Концептуальная программа всего издания яснее всего сформулирована М. А. Богатовым во введении. Европейская антропологическая традиция описывается здесь как длительное взаимодействие античного и христианского наследия, в котором полнота человеческой жизни не отделялась от отношения к смертности и к тому, что смертного человека превосходит. Секуляризация XVIII–XIX веков, согласно предлагаемой диагностике, не просто устраняет религиозные ответы: она перераспределяет прежние смыслы. На одном полюсе возникает поиск спасения в будущем — через утопию, политическое переустройство, научно-технический прогресс, бесконечное реформирование и оптимизацию. На другом трансцендентное словно переводится внутрь имманентного мира, а место радикально Другого занимают различия между людьми, становящиеся основанием новых моделей идентичности и социальных конфликтов. Современность, таким образом, понимается не как свободное начало с чистого листа, а как наследница христианского мира, продолжающая пользоваться его формами после изменения их содержания. Античность вводится в эту схему как возможность обнаружить более старую антропологическую конфигурацию. При этом христианство выполняет важную посредническую функцию: оно наследует античности, но само становится наследием современности. Такая трехчастная перспектива — античность, христианство, секулярная современность — придает книге гораздо более серьезный богословский фон, чем можно было бы ожидать от ее формального определения как философской монографии.

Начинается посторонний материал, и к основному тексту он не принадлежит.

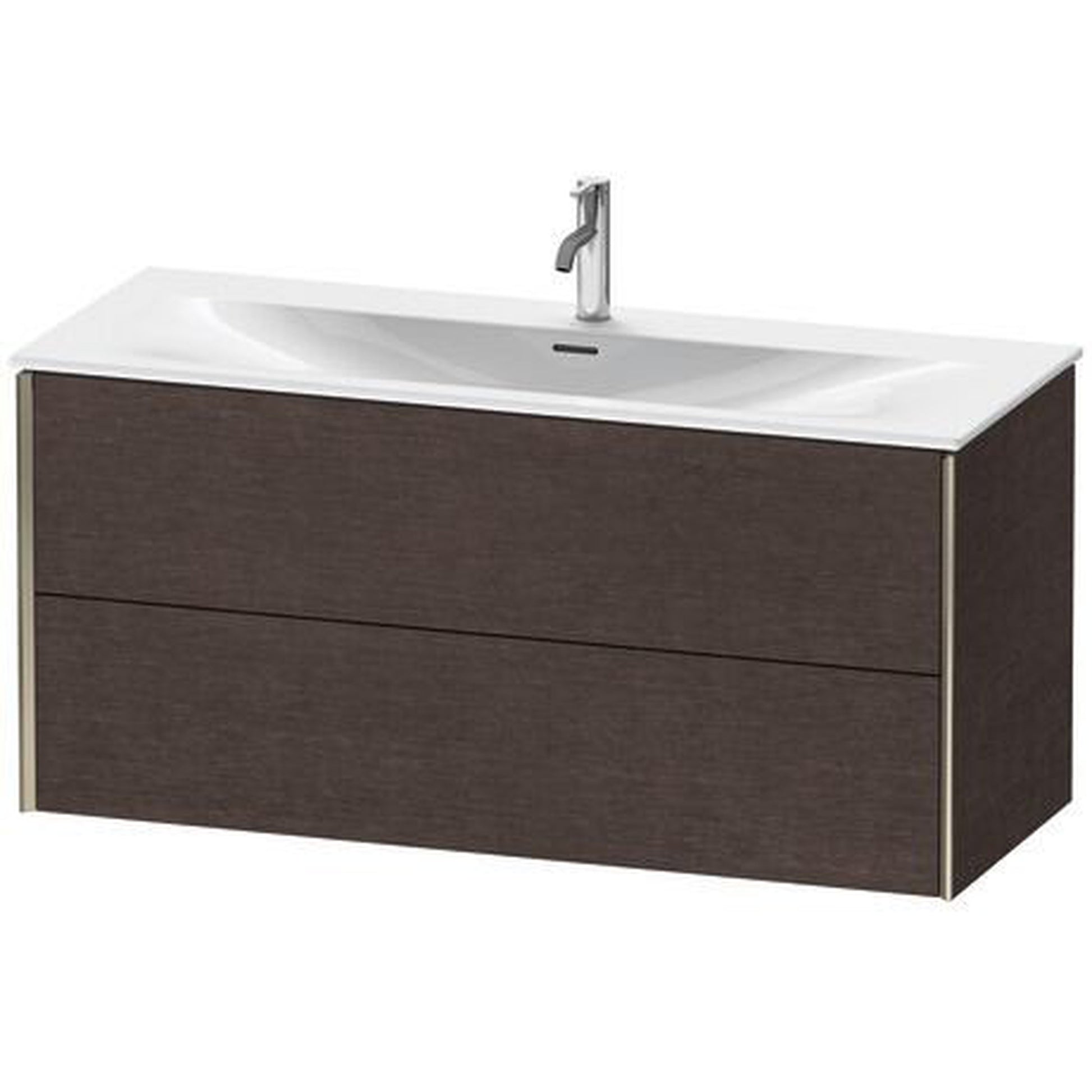 Duravit Xviu 48" x 22" x 17" Two Drawer Wall-Mount Vanity Unit, Brushed Dark Oak Real Wood Veneer (XV41360B172)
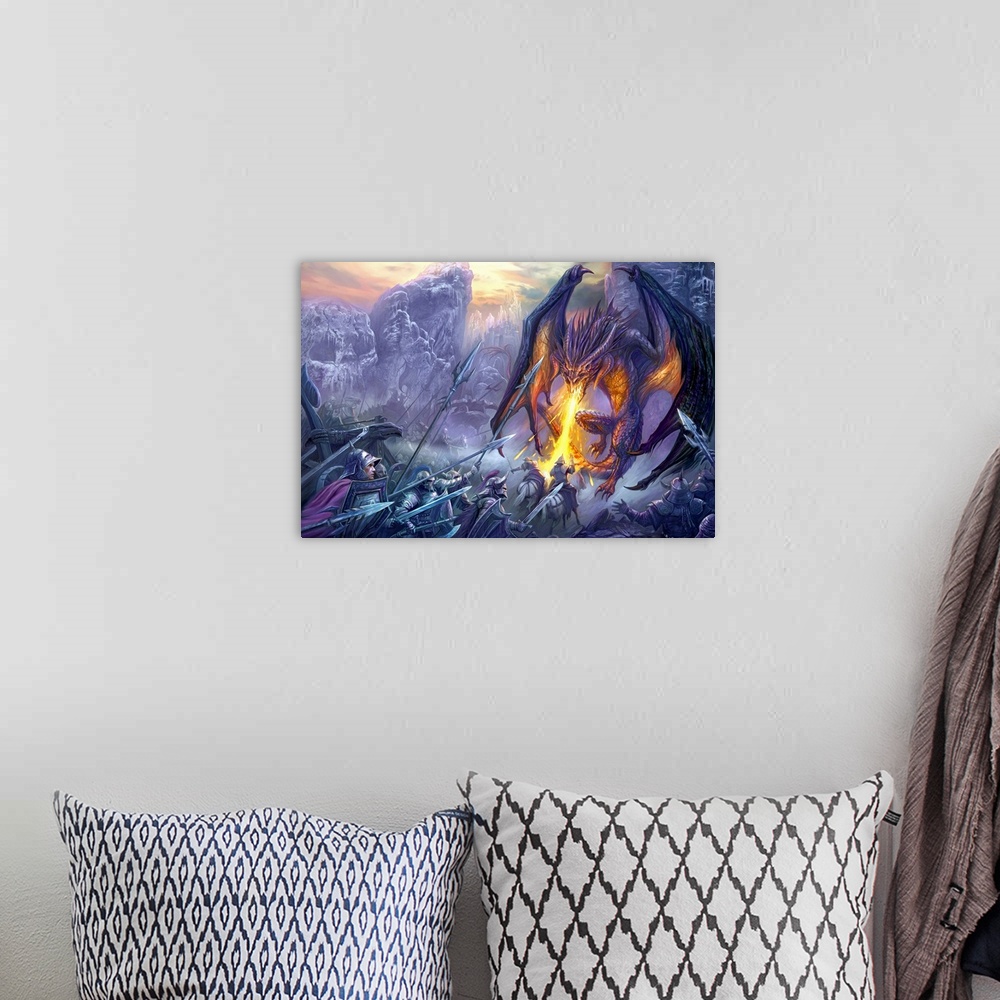 A bohemian room featuring Horizontal fantasy artwork on a large wall hanging of a dragon breathing fire onto a large group ...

Первый параграф первой главы, принадлежащий И. Д. Колесникову, показывает, насколько продуктивной может оказаться такая стратегия при внимательном чтении античных текстов. Исследуя театральные, игровые и зрелищные метафоры у Эпиктета, Колесников не удовлетворяется привычной формулой «мир — театр». Он различает несколько смысловых рядов. Театральная метафора подчеркивает назначенность роли: человек не выбирает обстоятельства, но отвечает за качество исполнения полученной роли; смерть становится своевременным окончанием действия, социальный статус — маской, а мудрость — искусством хорошо сыграть то, что определено судьбой. Метафора игры дополнительно ослабляет абсолютную ценность внешних благ: выигрыш важен меньше, чем способ игры. Совсем иначе действует образ всеобщего празднества или зрелища. Здесь человек уже не только актер, но и созерцатель космического порядка. Так возникает связь стоической этики с теологией и космологией: правильная жизнь предполагает не одно лишь самообладание, но способность увидеть мир как стройное и прекрасное целое, присутствовать перед богом и восхвалять устроение космоса. Итоговую мысль Колесников формулирует особенно выразительно: «Высшая цель заключена в принятии не столько стоического образа действий, сколько стоического взгляда на красоту мира». Тем самым стоицизм перестает выглядеть техникой индивидуального спасения от тревоги и вновь раскрывается как форма религиозно окрашенного участия в мире.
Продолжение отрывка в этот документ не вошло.